## What is required
Beginning with the line below that contains "White Bloom, 2021" and ending with the line that contains "La invasión que", retype every line exactly. Pictures are not copied.
□ □ □ □ □
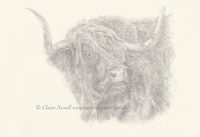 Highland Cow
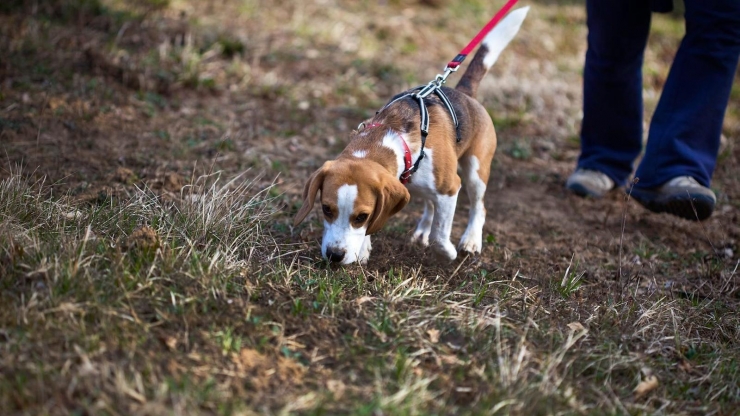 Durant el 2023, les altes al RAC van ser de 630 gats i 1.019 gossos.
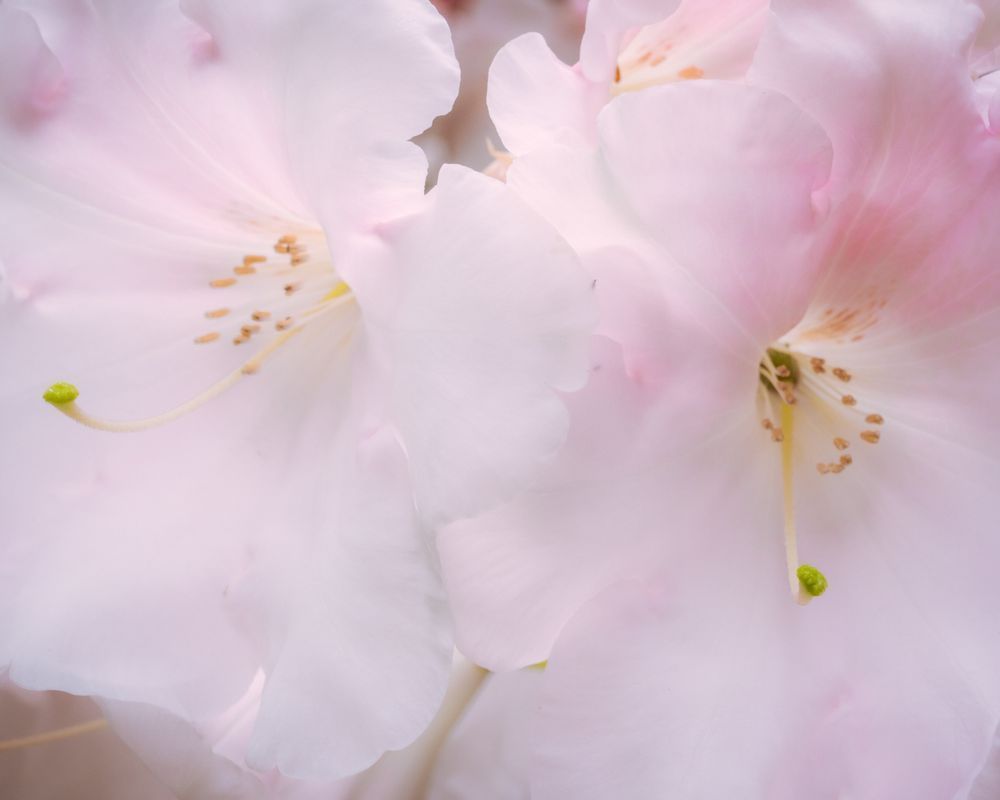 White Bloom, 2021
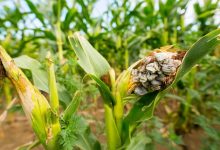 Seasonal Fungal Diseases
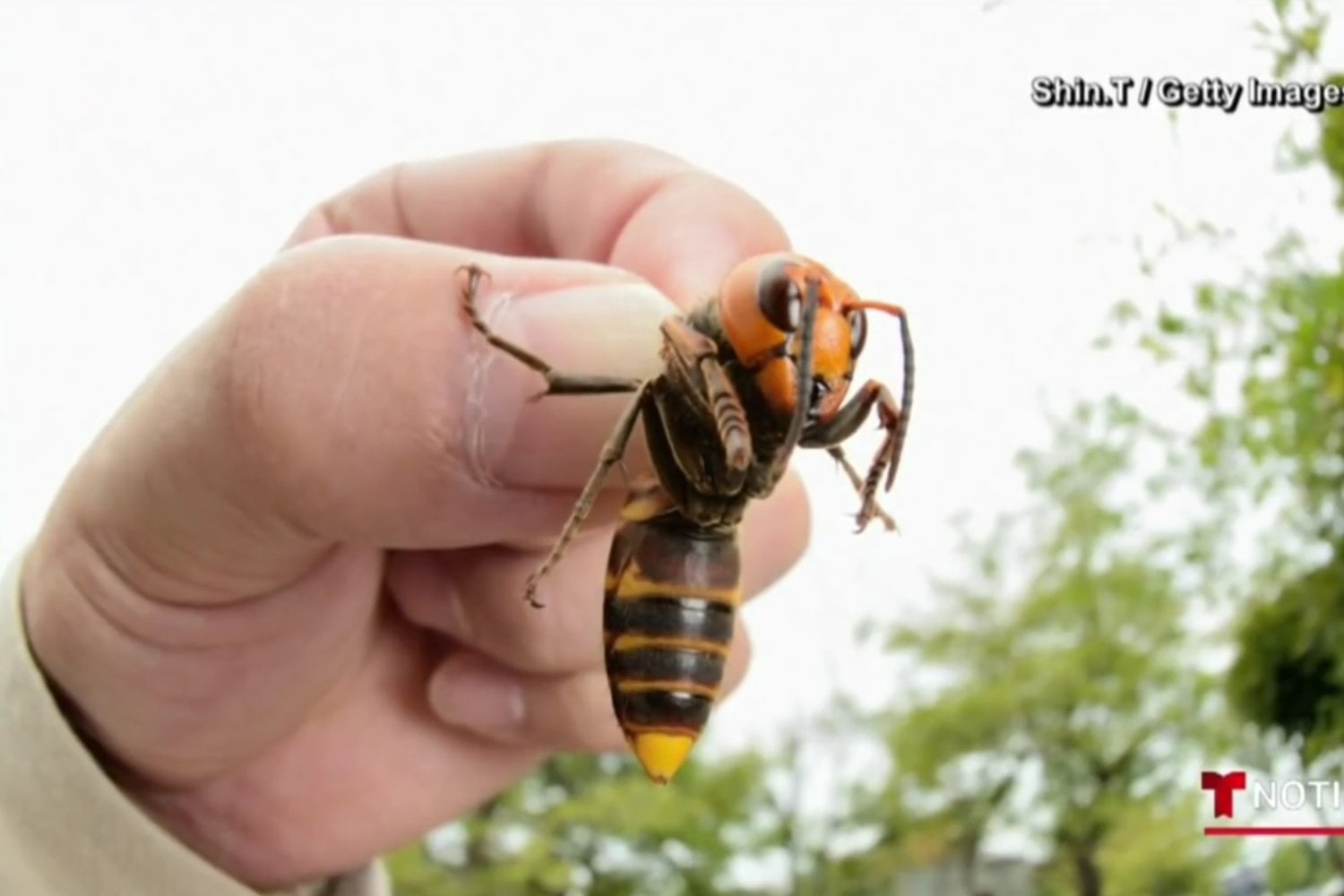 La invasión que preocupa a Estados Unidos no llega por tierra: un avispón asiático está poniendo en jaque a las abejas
□ □ □ □ □
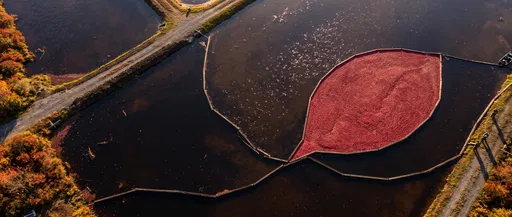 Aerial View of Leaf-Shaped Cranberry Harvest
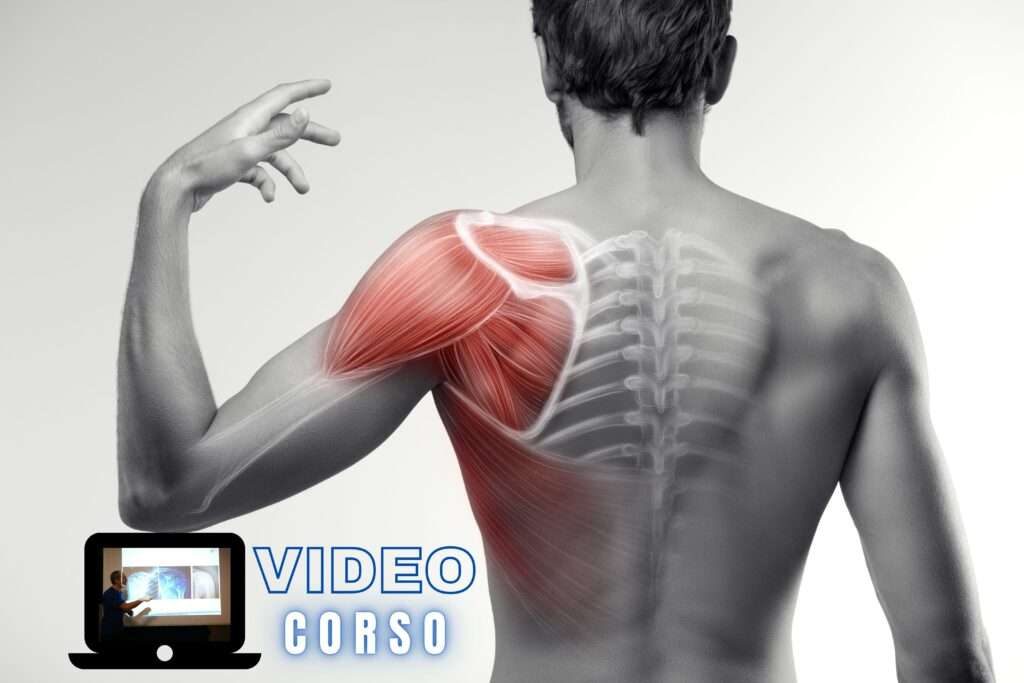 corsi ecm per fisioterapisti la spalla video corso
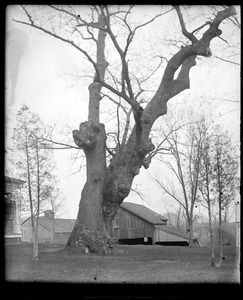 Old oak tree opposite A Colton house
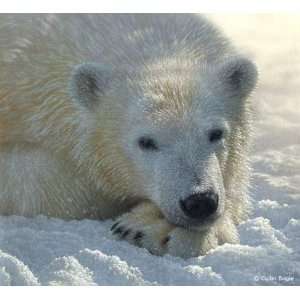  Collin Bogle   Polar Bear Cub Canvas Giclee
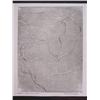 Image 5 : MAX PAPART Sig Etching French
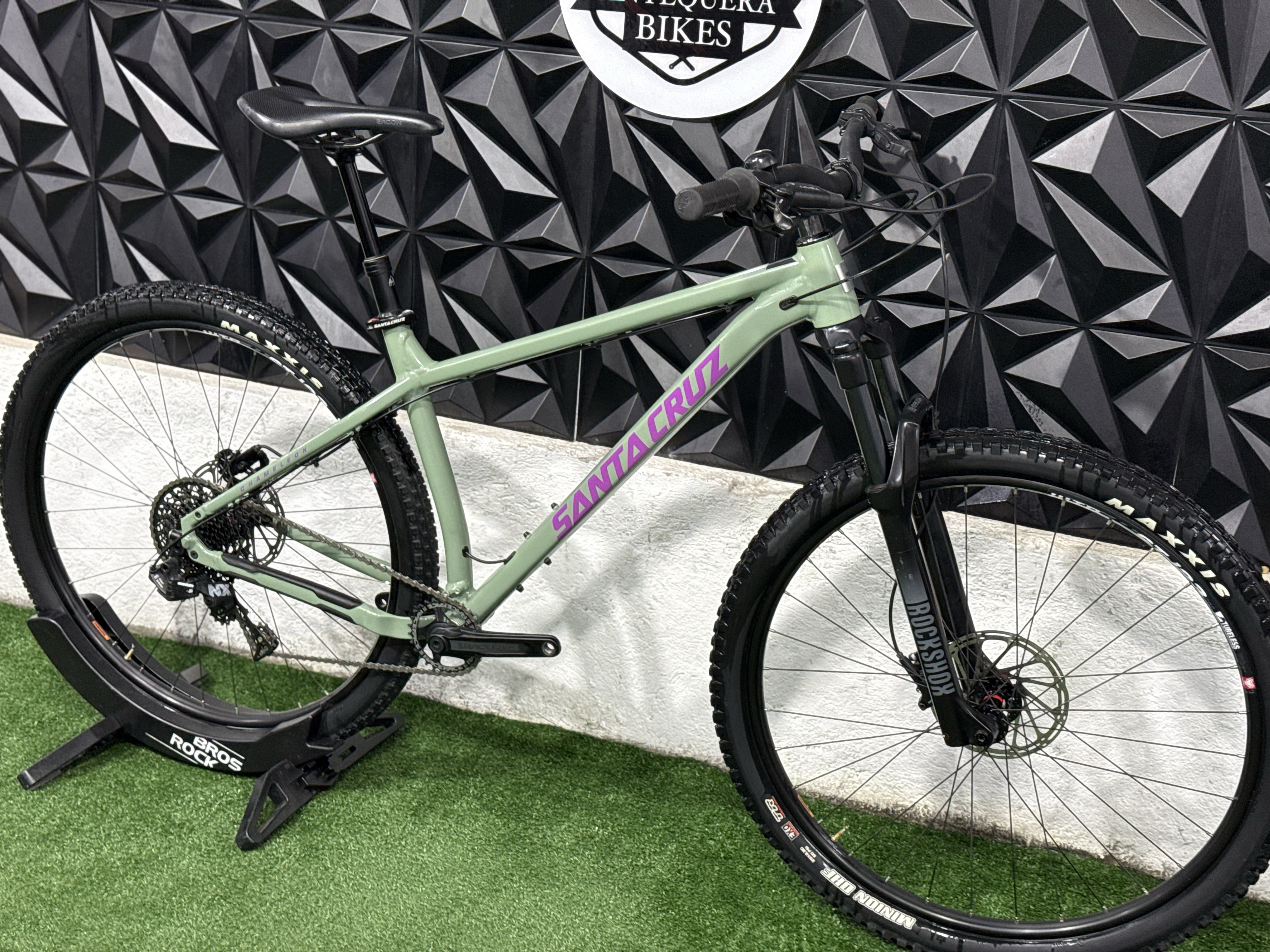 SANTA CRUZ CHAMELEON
□ □ □ □ □
## Your solution
 White Bloom, 2021
 Seasonal Fungal Diseases
 La invasión que preocupa a Estados Unidos no llega por tierra: un avispón asiático está poniendo en jaque a las abejas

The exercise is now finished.